Cloudera, focused on big data and Apache Hadoop, has announced that it has further matured Apache Spark integration within Hadoop environments. Spark and Hadoop are both flourishing on the big data scene. To further expand the enterprise capabilities of Spark, Cloudera has added support for Spark SQL and MLlib into Cloudera Enterprise 5.5 and CDH 5.5, which the company launched recently.

Due to its development ease and flexible data processing, Spark has taken off in the open source community and across customer use cases. It is the most active project in the Apache Software Foundation (ASF), with more than 800 developers from more than 200 companies, and IBM is spending huge sums on initiatives surrounding it. Cloudera’s team of Spark committers have been actively driving the enterprise capabilities of Spark and uniting Spark within Hadoop to meet customer needs and further production adoption, according to the company, which has provided a related infographic.

”The embrace of Spark by the developer community and Cloudera’s efforts in the past year to drive its mainstream adoption have been nothing short of remarkable,” said Doug Cutting, chief architect at Cloudera. “With the most customers running Spark with Hadoop, we have already made impressive strides in furthering the enterprise capabilities of Spark for Hadoop deployments across industries and use cases.

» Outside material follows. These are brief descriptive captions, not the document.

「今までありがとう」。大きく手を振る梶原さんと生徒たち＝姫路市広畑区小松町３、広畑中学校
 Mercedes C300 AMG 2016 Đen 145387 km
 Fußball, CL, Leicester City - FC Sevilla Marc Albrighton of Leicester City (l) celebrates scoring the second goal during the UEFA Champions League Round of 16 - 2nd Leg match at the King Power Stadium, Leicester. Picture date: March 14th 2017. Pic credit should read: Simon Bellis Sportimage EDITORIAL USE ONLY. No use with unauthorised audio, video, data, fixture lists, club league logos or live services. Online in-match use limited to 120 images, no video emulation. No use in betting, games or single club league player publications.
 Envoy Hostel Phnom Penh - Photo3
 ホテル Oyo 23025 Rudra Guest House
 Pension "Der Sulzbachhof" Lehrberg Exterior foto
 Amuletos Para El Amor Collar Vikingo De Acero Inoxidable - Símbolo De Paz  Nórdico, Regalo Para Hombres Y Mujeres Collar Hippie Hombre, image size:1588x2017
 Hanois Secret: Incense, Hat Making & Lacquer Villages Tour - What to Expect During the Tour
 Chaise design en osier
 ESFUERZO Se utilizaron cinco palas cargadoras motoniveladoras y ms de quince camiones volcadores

With the addition of Spark SQL and MLlib to Cloudera’s platform, and a clear roadmap with the One Platform Initiative, Spark adoption will continue to soar for batch, streaming, and machine learning use cases.”

Over the past year, Cloudera claims that it has made significant strides in maturing Spark to address a wider range of data processing use cases, including end-to-end Internet of Things (IoT) applications, simpler batch processing, and native machine learning.